The Million Book Project (or the Universal Library) was a book digitization project led by Carnegie Mellon University School of Computer Science and University Libraries from 2007–2008. Working with government and research partners in India (Digital Library of India) and China, the project scanned books in many languages, using OCR to enable full text searching, and providing free-to-read access to the books on the web. , they have completed the scanning of 1 million books and have made the entire catalog accessible online.

Description
The Million Book Project was a 501(c)3 charity organization with various scanning centers throughout the world.
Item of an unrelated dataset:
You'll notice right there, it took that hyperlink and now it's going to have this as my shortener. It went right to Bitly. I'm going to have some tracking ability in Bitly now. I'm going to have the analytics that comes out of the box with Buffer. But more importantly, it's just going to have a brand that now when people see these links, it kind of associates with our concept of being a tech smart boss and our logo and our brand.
By December 2007, more than 1.5 million books had been scanned, in 20 languages: 970,000 in Chinese; 360,000 in English; 50,000 in Telugu; and 40,000 in Arabic. Most of the books are in the public domain, but permission has been acquired to include over 60,000 copyrighted books (roughly 53,000 in English and 7,000 in Indian languages). The books are mirrored in part at sites in India, China, Carnegie Mellon, the Internet Archive, Bibliotheca Alexandrina. The books that have been scanned to date are not yet all available online, and no single site has copies of all the books that are available online.
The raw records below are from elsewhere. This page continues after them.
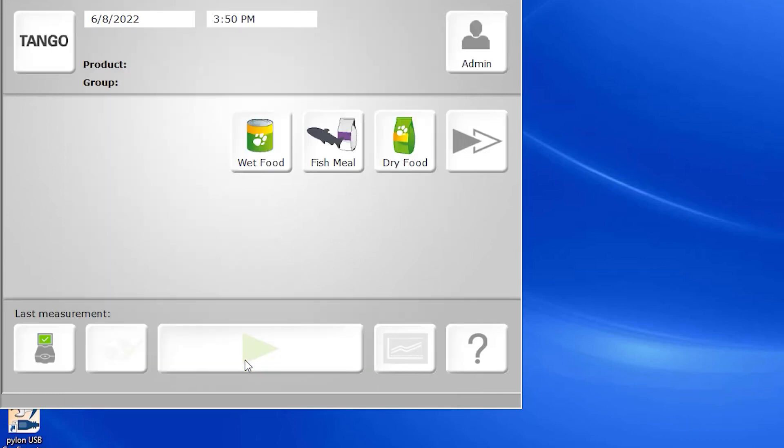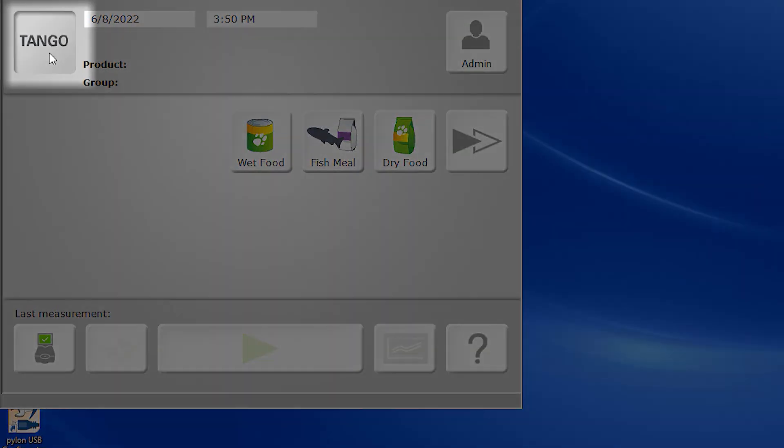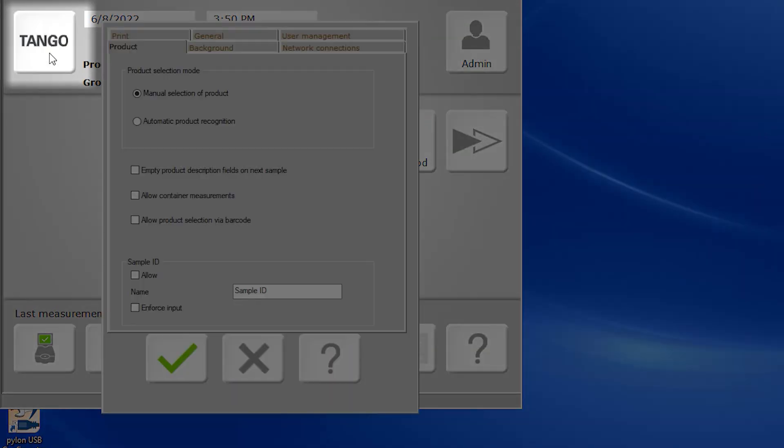Here we're looking at our main interface. This is the primary screen in which you'll be working within the GUI whenever you're running samples.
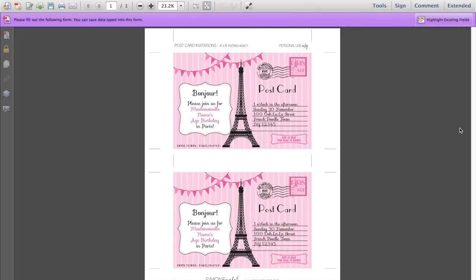Hi, my name is Simone from simonemadeit.com and today I'm going to show you how to personalise or edit my Paris Party invitation template.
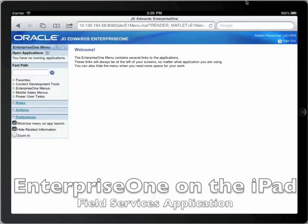My name is Louise Farner with Oracle JD Edwards. Today I'll be showing you a quick demo of the new JD Edwards EnterpriseOne Release 9.0 Mobile Field Service Work Order application, designed to run on the iPad.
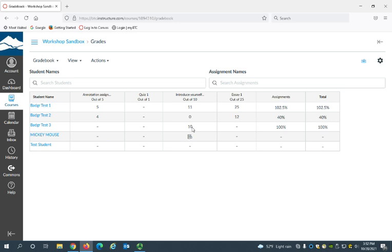So there you go—that's three different ways that you can add grades to assignments in the gradebook. Thank you for listening, and contact eLearning if you have any questions.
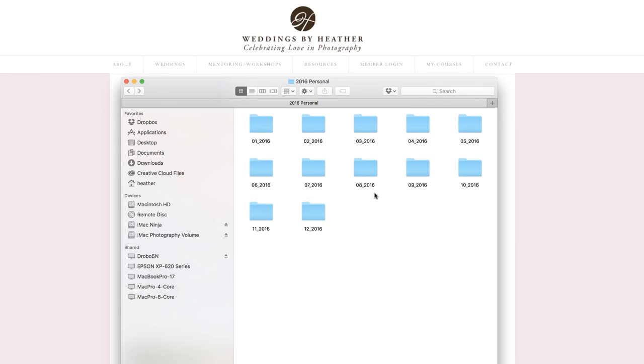I don't use the operating system to sort and organize my photos beyond this structure. I do all of my keywording so that I can find my photos later inside of Lightroom.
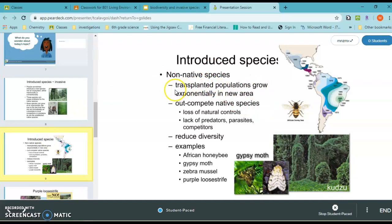Non-native transplanted populations grow exponentially in new areas and tend to out-compete native species. For example, the African honeybee wiped out a lot of honeybees in South America and Central America when introduced. This is due to the lack of predators, lack of competitors, lack of parasites, and the loss of natural controls. These species reduce diversity by taking away food sources and habitats. Some examples are the African honeybee, gypsy moth, zebra mussel, purple loosestrife, and the woolly adelgid.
The million book project was a "proof of concept" that has largely been replaced by HathiTrust, Google Book Search and the Internet Archive book scanning projects.

The Internet Archive may have some books that Google does not (e.g.: The Poems of Robert Frost published after the end of 1922).

The National Science Foundation (NSF) awarded Carnegie Mellon $3.63M over four years for equipment and administrative travel for the Million Book Project. India provided $25M annually to support language translation research projects. The Ministry of Education in China provided $8.46M over three years. The Internet Archive provided equipment, staff and money. The University of California, Merced Library funded the work to acquire copyright permission from U.S. publishers.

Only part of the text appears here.